Unit labor costs in the US rose at nearly triple the initially reported rate during 2022’s final quarter, revised data released Thursday suggested.

Taken at face value, it wasn’t the best news for policymakers hoping to avert second-round inflation effects.

Early last month, BLS figures showed a 1.1% increase in unit labor costs for Q4, below consensus. It looked like more incremental evidence to suggest that despite an acute (and possibly endemic) labor shortage, the risk of a wage-spiral was perhaps abating.

With Thursday’s revisions, the picture is less clear. Q3’s ULC print was also revised higher, and by an even larger margin than Q4’s. The four-quarter rate now shows almost no moderation whatsoever during Q3 and Q4.

The originally reported 3% increase in productivity for Q4 was revised down to 1.7%, well below the 2.5% economists expected, and nearly matching the lowest estimate. In Q1 of 2022, productivity plunged by the most in almost 80 years. Q2’s drop was smaller, but still counted among the largest in modern US history.

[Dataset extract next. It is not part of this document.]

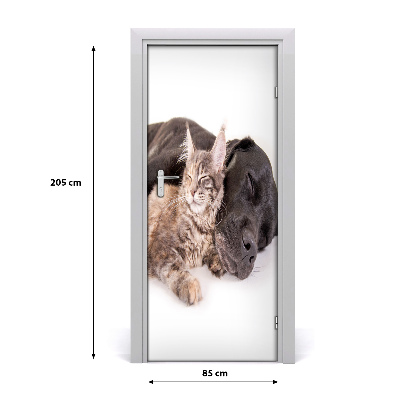 Adesivo em porta Cachorro e gato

As a reminder, it’s the juxtaposition between falling productivity and surging wages that pushes unit labor costs higher. So, the downward revision to productivity went hand in hand with the upward revision to unit labor costs — and vice versa. That’s not a constructive development for the Fed.

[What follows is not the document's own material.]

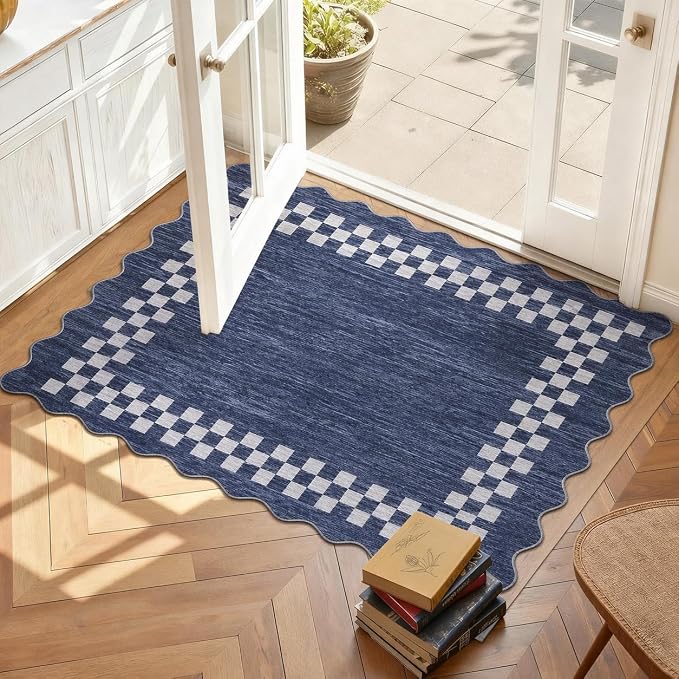 Small Area Rug 2x3 Modern Checkered Entry Rug Solid Color Scalloped Kitchen Rugs Washable Bedroom Doormat Non Slip Stain Resistant Bordered Throw Carpet for Living Room Nursery Laundry, Blue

On a YoY basis, productivity fell 1.8% in Q4, Thursday’s revisions showed, worse than the initially reported 1.5%. It was the fourth consecutive quarter during which productivity declined when measured versus the same period from the prior year. That’s only happened one other time — in 1974. It almost happened in 1980 and then nearly again in 1982.

All of the revisions were in the “wrong” direction. Output rose by less than initially reported, compensation was higher but real compensation rose by less than the preliminary estimate and the price deflator was revised up. The report was influenced by a large increase in the number of hours worked.

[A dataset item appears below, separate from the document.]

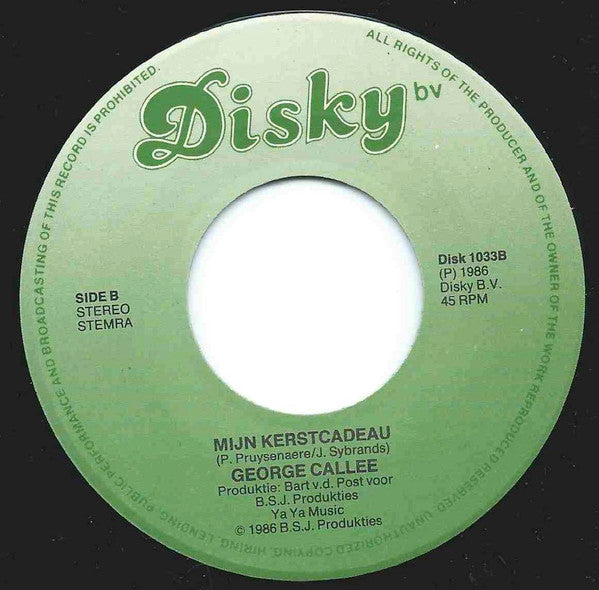 George Callee - Kerst Bij Jou Vinyl Singles Vinyl Very Good (VG) <br> Hoes Good Plus (G+)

For the full year, productivity dropped the most since 1974, while labor costs showed the biggest increase in 40 years.

Meanwhile, separate data on Thursday showed initial jobless claims spent a seventh week below 200,000, while continuing claims for the prior week came in well below estimates.

Bottom line: The labor market is tight. There’s no evidence to suggest otherwise. That, in turn, points to a more hawkish Fed and a macro regime shift which still feels underappreciated and quite possibly mispriced.